Escrito por Emanoela Campelo de Melo , emanoela.campelo@svm.com.br
kelly barbie
Legenda: Kelly era adepta de procedimentos estéticos. Ela morreu em abril do ano passado
Foto: Reprodução

A Justiça do Ceará decidiu receber a denúncia do Ministério Público Estadual, que acusa dois médicos cirurgiões plásticos pela morte da médica veterinária Kelly Linhares Pedrosa, a 'Barbie dos Animais'. Com o recebimento da acusação, Valderi Vieira da Silva Júnior e Arthur Abreu Batista Gomes passam a ser réus pelo crime de homicídio culposo, quando acontece a morte sem a intenção, mas com culpa.

O MP ainda pediu que os médicos paguem R$ 150 mil para reparação dos danos morais e materiais causados à família da vítima.
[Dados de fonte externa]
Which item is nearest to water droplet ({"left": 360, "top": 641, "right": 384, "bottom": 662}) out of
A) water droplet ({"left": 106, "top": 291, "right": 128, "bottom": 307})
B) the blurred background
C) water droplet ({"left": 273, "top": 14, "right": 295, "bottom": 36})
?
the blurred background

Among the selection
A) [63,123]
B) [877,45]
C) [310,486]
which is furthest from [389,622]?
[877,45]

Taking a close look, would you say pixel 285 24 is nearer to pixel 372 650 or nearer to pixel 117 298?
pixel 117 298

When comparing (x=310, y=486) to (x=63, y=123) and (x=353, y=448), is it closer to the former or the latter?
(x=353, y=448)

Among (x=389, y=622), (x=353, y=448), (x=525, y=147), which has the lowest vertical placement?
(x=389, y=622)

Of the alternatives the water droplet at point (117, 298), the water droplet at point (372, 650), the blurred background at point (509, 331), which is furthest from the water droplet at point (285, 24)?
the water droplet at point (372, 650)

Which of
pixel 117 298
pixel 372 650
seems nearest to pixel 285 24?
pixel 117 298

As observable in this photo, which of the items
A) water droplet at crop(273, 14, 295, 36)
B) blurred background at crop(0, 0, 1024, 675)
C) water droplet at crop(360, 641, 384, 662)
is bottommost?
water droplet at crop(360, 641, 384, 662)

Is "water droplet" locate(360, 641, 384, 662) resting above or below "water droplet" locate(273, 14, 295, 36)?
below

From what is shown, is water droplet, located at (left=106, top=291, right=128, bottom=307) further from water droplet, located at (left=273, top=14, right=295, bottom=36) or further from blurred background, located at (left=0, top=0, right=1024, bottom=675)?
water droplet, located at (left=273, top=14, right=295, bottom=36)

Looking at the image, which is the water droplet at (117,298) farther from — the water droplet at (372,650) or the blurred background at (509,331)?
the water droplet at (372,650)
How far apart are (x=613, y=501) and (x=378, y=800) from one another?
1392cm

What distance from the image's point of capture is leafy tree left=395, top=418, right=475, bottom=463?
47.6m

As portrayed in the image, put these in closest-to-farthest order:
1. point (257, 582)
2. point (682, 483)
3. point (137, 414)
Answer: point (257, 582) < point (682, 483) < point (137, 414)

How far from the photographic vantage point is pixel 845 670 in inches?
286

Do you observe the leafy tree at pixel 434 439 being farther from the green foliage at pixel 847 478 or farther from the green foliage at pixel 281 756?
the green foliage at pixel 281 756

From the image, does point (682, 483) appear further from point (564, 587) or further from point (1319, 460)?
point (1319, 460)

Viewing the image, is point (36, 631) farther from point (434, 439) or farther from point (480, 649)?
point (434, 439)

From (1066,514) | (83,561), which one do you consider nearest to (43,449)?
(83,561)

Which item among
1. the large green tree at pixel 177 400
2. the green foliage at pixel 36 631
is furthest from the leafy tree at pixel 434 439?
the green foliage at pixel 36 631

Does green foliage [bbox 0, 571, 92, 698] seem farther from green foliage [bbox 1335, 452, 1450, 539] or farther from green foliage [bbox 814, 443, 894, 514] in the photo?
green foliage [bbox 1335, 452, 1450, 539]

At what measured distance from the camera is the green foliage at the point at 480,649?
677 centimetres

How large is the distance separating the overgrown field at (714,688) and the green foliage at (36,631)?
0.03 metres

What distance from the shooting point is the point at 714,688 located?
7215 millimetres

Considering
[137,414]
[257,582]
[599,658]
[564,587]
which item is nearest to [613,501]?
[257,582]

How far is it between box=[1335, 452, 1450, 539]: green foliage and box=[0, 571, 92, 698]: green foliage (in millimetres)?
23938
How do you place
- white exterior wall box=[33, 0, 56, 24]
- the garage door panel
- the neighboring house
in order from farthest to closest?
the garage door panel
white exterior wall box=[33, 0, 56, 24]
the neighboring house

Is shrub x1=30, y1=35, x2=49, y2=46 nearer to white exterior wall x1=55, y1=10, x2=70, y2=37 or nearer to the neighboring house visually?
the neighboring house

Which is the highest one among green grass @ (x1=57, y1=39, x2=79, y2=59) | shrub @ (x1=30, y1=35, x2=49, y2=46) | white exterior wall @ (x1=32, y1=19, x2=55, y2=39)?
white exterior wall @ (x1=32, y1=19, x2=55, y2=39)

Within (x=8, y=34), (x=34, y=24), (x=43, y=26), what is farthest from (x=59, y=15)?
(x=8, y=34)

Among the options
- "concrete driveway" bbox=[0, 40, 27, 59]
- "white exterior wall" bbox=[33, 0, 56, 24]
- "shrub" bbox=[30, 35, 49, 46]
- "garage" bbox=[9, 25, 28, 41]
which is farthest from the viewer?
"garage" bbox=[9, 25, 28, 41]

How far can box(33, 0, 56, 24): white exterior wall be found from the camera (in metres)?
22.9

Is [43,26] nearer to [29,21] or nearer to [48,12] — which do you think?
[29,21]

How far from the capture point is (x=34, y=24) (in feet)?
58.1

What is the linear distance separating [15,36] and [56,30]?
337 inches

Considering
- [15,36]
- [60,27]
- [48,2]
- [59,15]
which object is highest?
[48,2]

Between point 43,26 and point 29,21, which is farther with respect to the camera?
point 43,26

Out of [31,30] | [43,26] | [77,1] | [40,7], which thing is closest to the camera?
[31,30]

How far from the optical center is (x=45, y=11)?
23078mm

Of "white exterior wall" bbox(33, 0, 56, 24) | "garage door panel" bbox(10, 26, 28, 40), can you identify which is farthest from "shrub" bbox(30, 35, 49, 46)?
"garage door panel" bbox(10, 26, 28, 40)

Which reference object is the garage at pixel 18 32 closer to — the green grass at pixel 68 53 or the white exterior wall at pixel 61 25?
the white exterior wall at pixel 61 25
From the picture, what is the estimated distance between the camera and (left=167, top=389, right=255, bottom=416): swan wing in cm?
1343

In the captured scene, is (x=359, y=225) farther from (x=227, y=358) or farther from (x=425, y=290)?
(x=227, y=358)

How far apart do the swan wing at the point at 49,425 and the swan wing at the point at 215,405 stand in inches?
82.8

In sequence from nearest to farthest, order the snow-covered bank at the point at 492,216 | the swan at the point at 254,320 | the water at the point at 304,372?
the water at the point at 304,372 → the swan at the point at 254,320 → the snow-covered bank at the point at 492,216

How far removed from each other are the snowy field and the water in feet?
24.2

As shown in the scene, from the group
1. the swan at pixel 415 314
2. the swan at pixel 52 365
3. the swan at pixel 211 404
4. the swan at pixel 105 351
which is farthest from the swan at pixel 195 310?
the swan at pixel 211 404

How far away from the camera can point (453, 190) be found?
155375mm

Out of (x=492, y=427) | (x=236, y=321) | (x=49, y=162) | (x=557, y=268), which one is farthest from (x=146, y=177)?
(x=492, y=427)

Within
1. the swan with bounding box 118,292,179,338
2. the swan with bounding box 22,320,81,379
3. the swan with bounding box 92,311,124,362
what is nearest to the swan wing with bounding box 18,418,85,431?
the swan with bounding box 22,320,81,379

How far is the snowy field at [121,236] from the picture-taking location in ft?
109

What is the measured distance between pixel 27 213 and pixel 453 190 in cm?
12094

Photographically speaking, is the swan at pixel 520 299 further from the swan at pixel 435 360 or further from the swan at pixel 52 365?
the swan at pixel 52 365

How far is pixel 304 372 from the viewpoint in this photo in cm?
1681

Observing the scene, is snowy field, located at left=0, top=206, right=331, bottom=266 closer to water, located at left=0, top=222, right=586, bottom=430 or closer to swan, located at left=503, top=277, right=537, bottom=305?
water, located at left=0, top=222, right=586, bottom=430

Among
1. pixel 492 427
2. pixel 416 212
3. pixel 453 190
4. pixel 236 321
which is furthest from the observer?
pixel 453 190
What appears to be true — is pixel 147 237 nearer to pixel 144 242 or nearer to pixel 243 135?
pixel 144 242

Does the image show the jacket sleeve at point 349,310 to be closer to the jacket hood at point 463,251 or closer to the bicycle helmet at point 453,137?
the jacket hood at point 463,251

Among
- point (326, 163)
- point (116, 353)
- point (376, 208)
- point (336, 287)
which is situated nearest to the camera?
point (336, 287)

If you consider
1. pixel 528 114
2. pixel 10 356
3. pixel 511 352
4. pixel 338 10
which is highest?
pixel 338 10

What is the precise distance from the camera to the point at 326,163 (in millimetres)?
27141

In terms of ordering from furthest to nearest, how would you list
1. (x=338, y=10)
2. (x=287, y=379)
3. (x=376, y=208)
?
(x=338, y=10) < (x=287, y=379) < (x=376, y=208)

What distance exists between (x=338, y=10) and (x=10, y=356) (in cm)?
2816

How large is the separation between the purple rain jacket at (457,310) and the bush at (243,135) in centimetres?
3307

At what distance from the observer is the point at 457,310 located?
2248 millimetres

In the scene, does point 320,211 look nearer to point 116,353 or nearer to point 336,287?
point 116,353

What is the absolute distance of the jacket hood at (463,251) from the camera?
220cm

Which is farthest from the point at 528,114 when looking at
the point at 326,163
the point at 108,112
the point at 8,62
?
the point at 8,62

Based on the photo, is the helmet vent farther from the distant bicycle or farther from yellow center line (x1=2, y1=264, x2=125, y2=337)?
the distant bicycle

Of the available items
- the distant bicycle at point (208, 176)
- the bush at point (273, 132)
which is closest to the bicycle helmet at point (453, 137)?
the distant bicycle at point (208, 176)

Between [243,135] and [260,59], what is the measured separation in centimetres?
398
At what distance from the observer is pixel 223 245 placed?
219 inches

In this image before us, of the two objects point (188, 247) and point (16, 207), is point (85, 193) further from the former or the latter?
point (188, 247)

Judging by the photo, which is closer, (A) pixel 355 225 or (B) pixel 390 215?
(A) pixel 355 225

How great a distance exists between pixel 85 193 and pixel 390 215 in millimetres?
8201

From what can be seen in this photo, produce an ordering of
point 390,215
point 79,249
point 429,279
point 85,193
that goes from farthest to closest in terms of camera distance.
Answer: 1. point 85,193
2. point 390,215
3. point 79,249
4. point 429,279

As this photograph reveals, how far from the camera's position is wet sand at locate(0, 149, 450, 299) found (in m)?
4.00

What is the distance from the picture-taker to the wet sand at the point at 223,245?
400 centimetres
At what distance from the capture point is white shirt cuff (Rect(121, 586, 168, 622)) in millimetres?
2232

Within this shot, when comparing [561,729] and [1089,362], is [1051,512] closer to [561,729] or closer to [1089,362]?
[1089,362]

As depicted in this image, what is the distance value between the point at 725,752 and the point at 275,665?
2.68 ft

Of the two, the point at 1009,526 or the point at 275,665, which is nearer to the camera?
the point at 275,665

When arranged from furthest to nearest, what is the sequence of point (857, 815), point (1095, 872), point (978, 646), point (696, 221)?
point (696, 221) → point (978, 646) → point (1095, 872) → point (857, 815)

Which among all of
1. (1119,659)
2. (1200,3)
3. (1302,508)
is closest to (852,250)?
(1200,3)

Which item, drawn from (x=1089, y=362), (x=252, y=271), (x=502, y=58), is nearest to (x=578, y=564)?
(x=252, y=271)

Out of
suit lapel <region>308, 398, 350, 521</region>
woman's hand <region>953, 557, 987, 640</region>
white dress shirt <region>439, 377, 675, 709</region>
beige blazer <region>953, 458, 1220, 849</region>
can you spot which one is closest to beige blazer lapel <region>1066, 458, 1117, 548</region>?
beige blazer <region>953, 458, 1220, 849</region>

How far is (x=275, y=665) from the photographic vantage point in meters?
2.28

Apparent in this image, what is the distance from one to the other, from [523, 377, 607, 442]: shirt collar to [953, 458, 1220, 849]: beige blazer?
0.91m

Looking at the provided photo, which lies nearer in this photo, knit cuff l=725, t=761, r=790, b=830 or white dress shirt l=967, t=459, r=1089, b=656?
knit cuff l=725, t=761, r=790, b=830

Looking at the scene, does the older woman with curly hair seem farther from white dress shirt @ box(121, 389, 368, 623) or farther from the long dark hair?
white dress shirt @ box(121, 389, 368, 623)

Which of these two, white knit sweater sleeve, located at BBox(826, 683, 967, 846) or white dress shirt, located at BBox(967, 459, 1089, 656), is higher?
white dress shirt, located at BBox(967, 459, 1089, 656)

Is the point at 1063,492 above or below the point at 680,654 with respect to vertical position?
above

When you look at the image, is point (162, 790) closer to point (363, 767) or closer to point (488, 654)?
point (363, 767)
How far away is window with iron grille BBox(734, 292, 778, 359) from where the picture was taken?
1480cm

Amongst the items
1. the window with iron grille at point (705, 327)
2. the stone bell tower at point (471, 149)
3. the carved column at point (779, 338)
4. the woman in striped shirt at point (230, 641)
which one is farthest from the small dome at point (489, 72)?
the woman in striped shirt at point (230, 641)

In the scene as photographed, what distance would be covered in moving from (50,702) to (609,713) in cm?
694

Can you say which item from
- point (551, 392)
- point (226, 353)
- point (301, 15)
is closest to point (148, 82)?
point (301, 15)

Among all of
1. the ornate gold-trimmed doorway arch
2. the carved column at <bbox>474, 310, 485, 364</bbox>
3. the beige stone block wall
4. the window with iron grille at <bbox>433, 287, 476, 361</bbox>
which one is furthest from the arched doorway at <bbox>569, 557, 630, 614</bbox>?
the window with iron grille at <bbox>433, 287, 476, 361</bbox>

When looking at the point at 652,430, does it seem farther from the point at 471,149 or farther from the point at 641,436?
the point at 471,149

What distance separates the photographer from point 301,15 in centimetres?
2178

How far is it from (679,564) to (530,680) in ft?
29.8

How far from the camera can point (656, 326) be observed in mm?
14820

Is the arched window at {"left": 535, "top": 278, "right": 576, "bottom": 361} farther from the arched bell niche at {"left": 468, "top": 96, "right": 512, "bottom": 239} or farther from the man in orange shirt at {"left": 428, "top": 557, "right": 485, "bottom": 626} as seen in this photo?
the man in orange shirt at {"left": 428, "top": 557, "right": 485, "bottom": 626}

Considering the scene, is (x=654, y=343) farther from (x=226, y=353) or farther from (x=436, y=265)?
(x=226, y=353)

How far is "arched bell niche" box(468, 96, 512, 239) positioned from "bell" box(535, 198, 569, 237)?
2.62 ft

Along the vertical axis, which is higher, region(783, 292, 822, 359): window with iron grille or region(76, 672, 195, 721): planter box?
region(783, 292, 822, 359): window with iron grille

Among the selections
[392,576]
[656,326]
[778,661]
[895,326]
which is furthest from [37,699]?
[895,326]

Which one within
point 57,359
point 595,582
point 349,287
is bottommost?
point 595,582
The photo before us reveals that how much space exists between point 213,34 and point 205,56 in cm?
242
No fim de agosto, a Justiça determinou a citação dos acusados, para que em até 10 dias apresentassem resposta com base na denúncia. Ambos negaram, por meio da defesa, que foram responsáveis pela morte de Kelly.

A reportagem do Diário do Nordeste ainda apurou que Valderi Vieira responde a processo ético-profissional no Conselho Regional de Medicina do Ceará (Cremec). A instituição investiga a conduta profissional neste caso apenas contra Valderi, já que entende não ser necessário processo disciplinar para Arthur.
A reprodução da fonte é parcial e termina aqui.